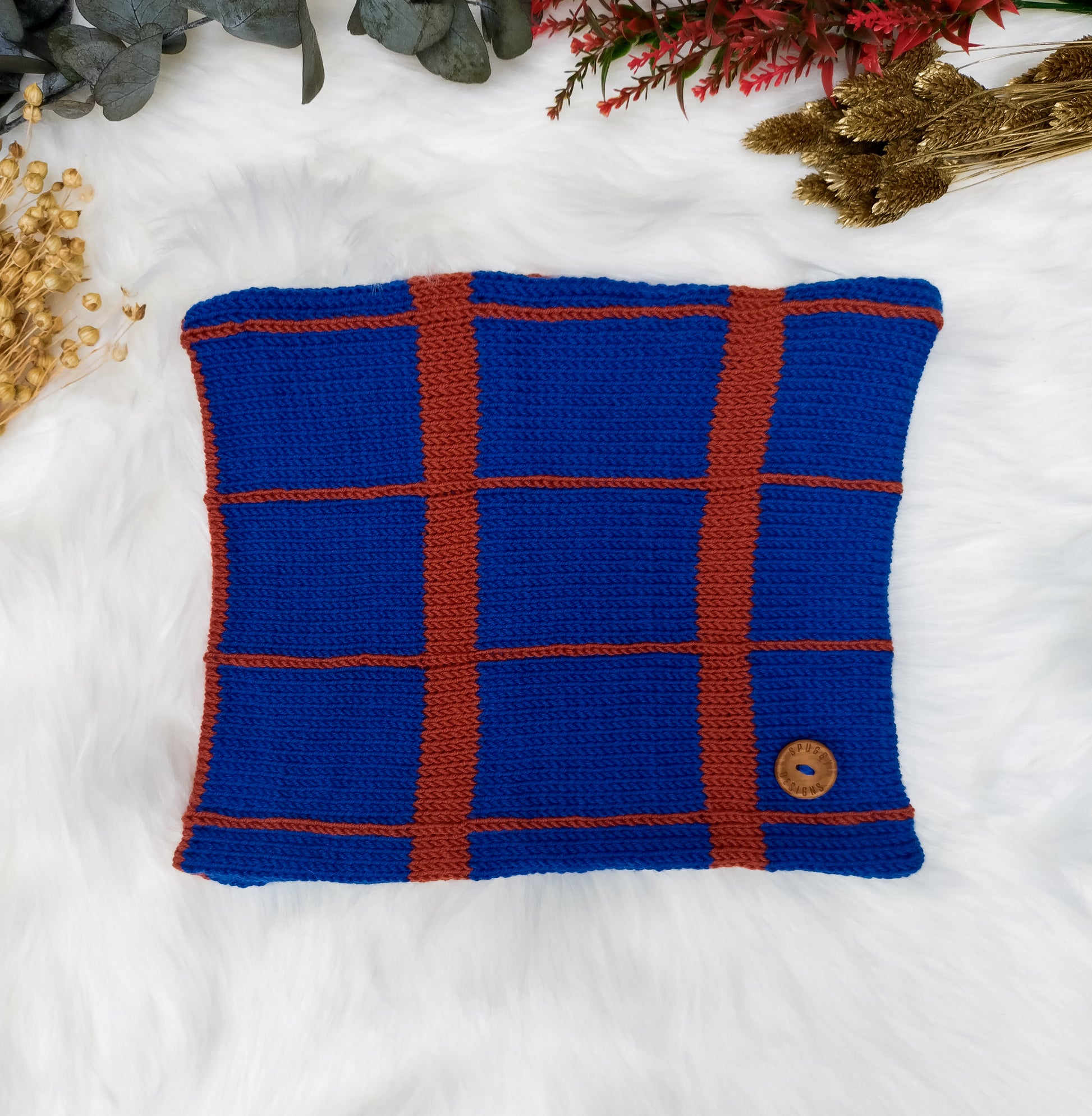 Colourful merino wool snoods.
Handmade and designed in the UK, by sustainable knitwear brand Spuggy Designs.
3 colour options. Blue/orange, teal/pink, and black/turquoise.
Christmas gifts UK. Gifts for her, gifts for girlfriend, gifts for mum, gifts for sister, teen gifts. gifts for men, gifts for him. Dopamine dressing UK.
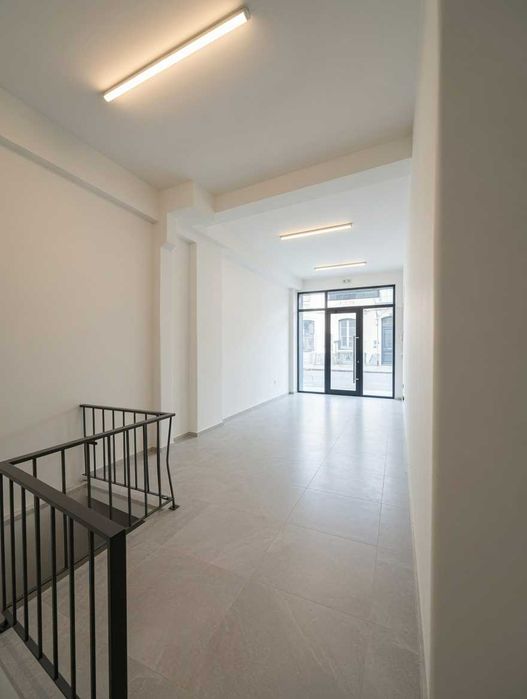 Armazém de 390 m² em São Sebastião da Pedreira, Lisboa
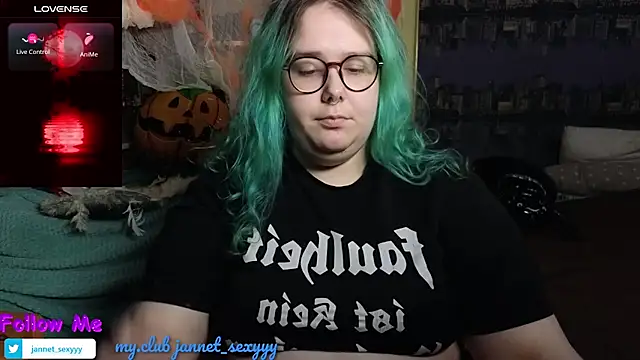 JannetPie online show from October 31, 2025, 12:51 am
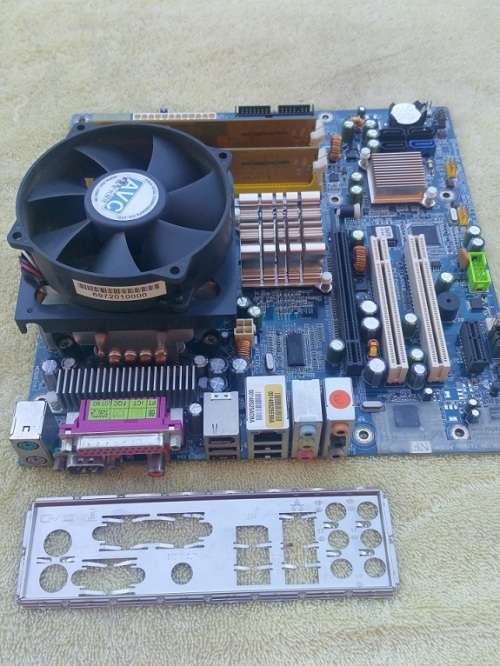GigaByte COMBO  LGA 775 GA-8I945PM-RH + 3 GIG Ghz Pentium D Cpu + 2 Gig DDR 2 Ram + GFX Card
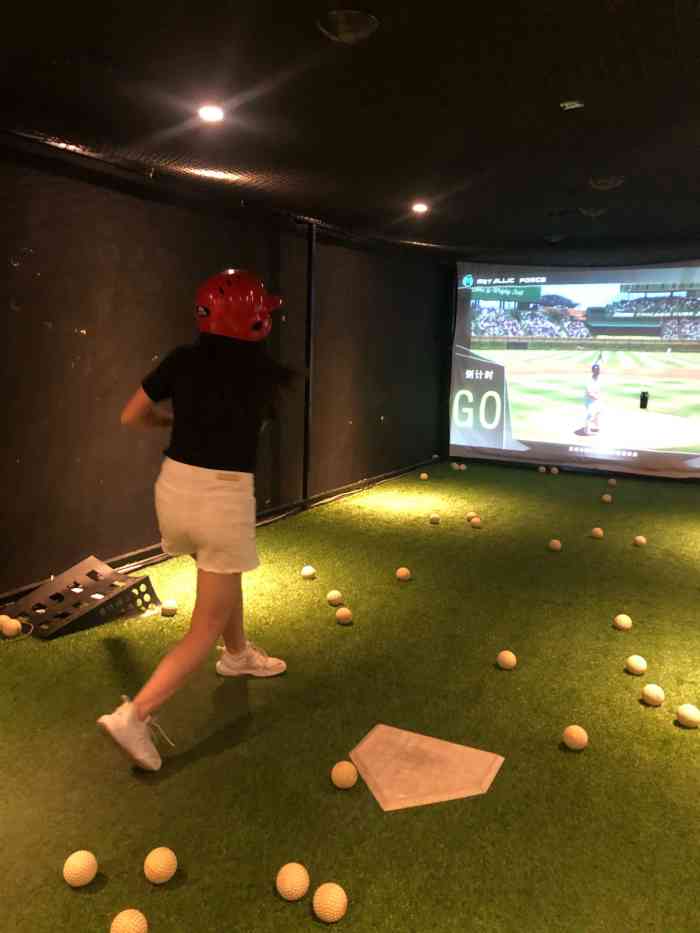 hitter希特尔室内棒球俱乐部-"第一次去室内棒球 一个人5局 每局12个.
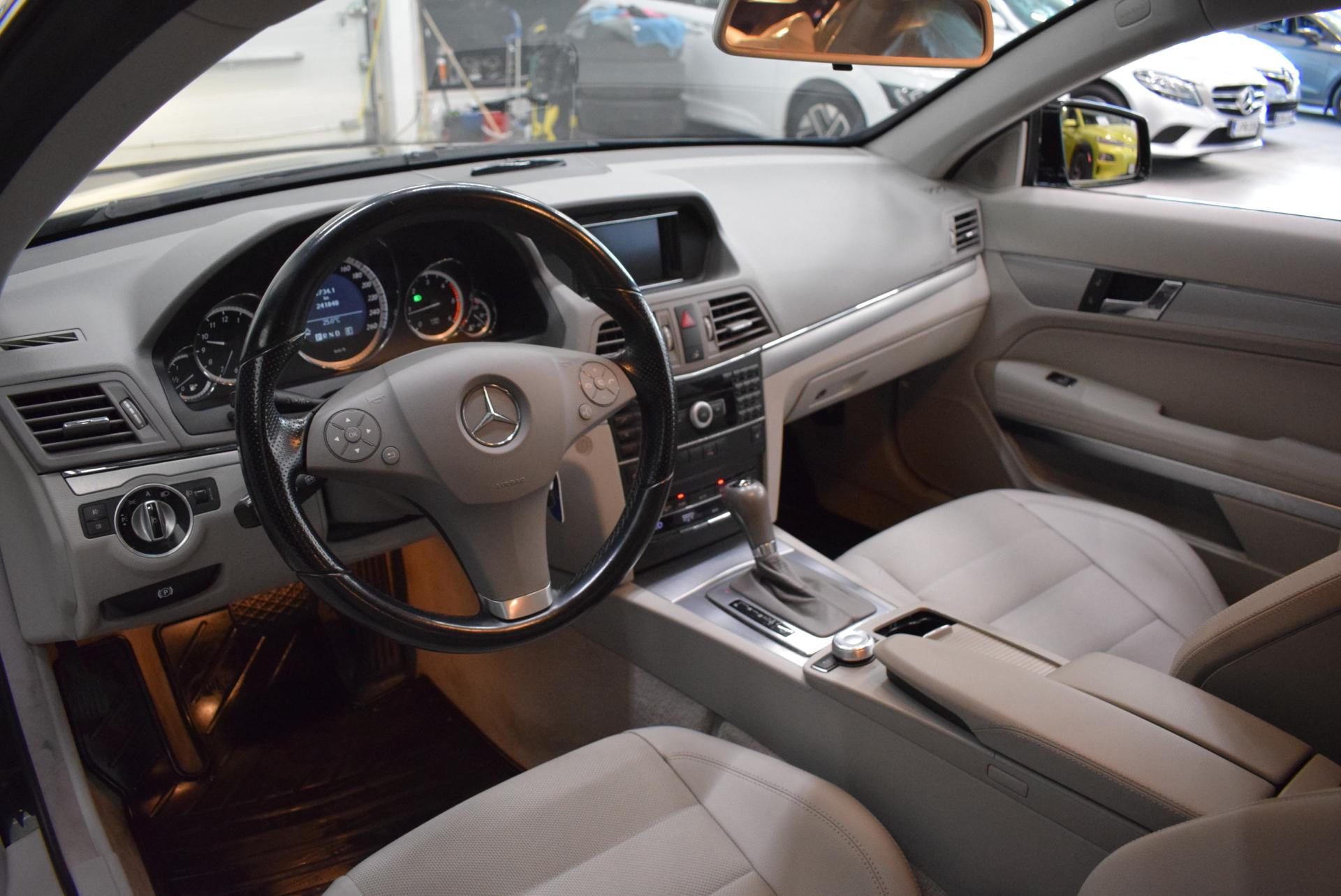 MERCEDES-BENZ E 2011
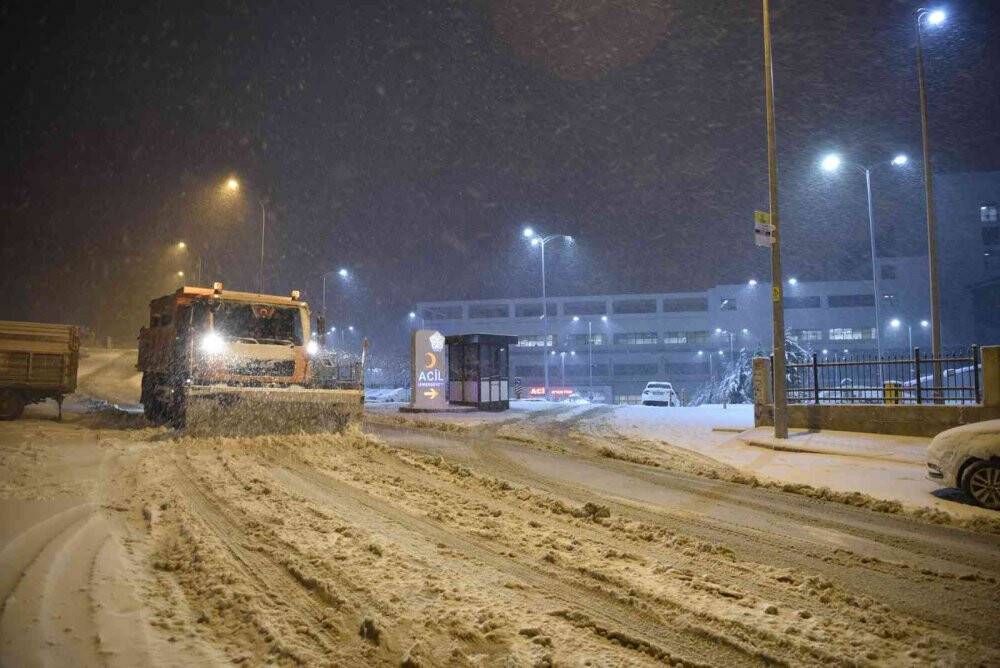 Selçuklu’da kar mesaisi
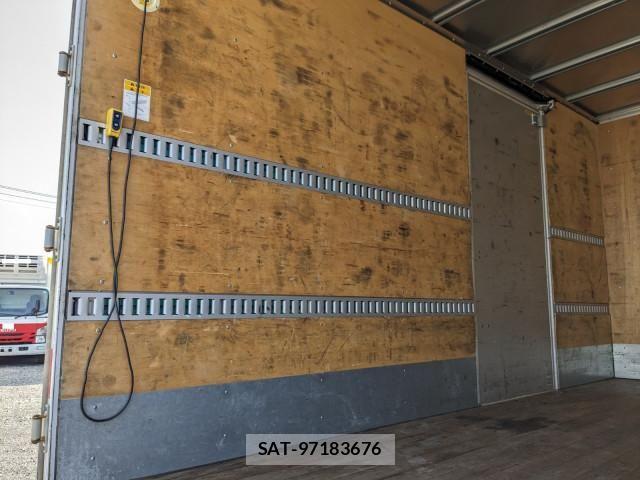 Hino DUTRO 2019-07 8524480-20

____

Exercise aim. Reproduce exactly, and only, the lines from the opening line of the listing above through the line holding "3 colour options.", minus the pictures.

Answer section.
 Colourful merino wool snoods.
Handmade and designed in the UK, by sustainable knitwear brand Spuggy Designs.
3 colour options. Blue/orange, teal/pink, and black/turquoise.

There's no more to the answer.